No woman has yet undergone the entire procedure, however, and some cancer specialists are skeptical about whether it would have the desired results or is even necessary.

In Britain, the doctor who developed the technique recently removed ovaries from four cancer patients. None has yet had the organ reimplanted because it can be years before a cancer patient is certified as healthy, Fugger said.

Treatment for cancer often destroys the ovaries. Tens of thousands of women of childbearing age undergo chemotherapy or radiation annually.

Some doctors warned that reimplanting the ovary could jumpstart cancer in remission or cause ethical problems if a woman became pregnant and then suffered a relapse of cancer.

Dr. J. Taylor Wharton, chairman of gynecological oncology at M.D. Anderson Cancer Center in Houston, said the new procedure should be more rigorously tested.

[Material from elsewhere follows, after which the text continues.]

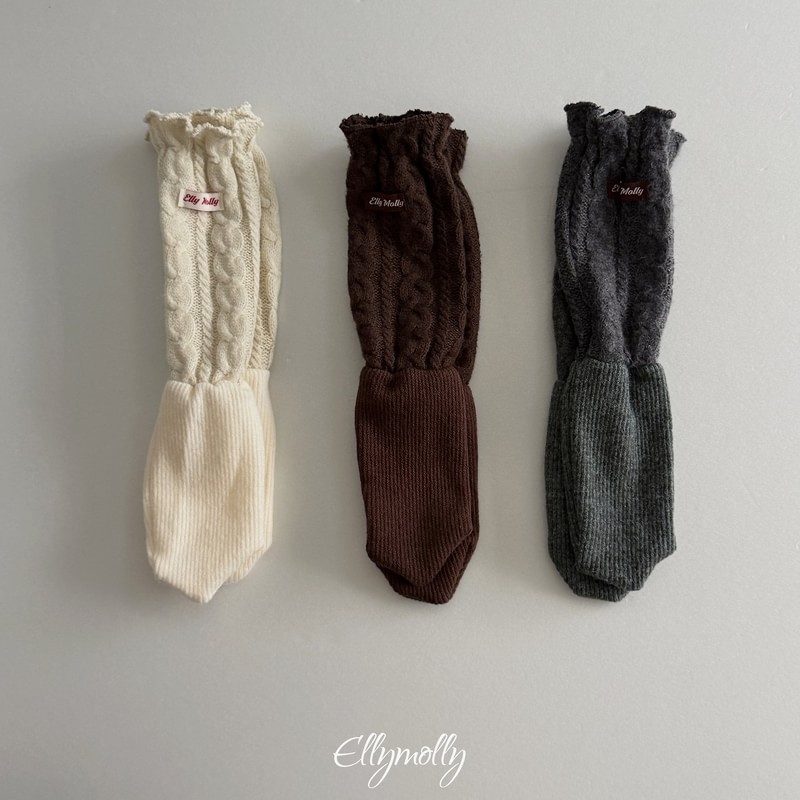 Twist Wool Socks by Ellymolly for Child - view 6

The British researcher who developed the technique, Roger Gosden of the University of Leeds, published a study in April 1994 that showed that the technique works in sheep.

“I’m not condemning it, but I’d have to be convinced it was in a patient’s best interest,” Wharton said.

And he said women may have other options. Among his patients, about 40 young women with ovarian cancer have later gotten pregnant, he said. In most cases, those women had one ovary removed and then received radiation that did not affect the surviving ovary, he said.

But Dr. Beth Karlin, who holds the same title at Cedars-Sinai Medical Center in Los Angeles, said the procedure offers great promise, especially for breast cancer patients.